Intérieur Nuit, fruit d'une tournée française en 2001, se situe dans la continuité de Fantasm, disque studio enregistré par le trio en 1999.
On retrouve donc avec bonheur le pianiste Stephan Oliva et le contrebassiste Bruno Chevillon autour du batteur américain Paul Motian, immense musicien et ancien accompagnateur de Bill Evans, Carla Bley, Charlie Haden ou Lee Konitz, pour n'en citer qu'une poignée.
Quoi qu'il en soit, le trio réuni ici produit une musique enivrante, faite de thèmes obsédants, d'improvisations captivantes, et hisse très haut l'art de la conversation.
On est saisi par le soin et la passion avec lesquels ces trois musiciens s'attachent à créer, dans l'instant et sans filet, une musique aussi riche et savoureuse, dont les atmosphères transportent l'auditeur hors du temps et hors du monde.

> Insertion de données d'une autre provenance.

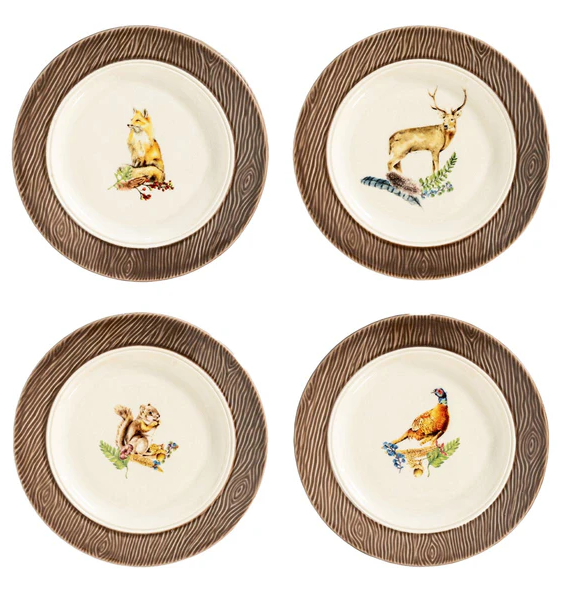 Forest Walk Side Cocktail Plate Assorted Set of 4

Le trio délivre dans cette optique une série de morceaux subtils et nuancés. Morceaux qui peuvent être des blocs d'énergie pulsionnelle, fruits d'une matière abstraite, tels "Intérieur Nuit" ( qui donne son titre au disque et fait référence à l'"Intérieur Jour" qui ouvrait Fantasm ), le tortueux "Morpion" ou le malicieux "Abacus".
On apprécie la même énergie passionnelle dans "Cosmology", traversé par un solo de contrebasse déjanté, ou dans "Schiaffo", gifle sonore percutante ( et pièce-miroir du "Fiasco" présent sur Fantasm ).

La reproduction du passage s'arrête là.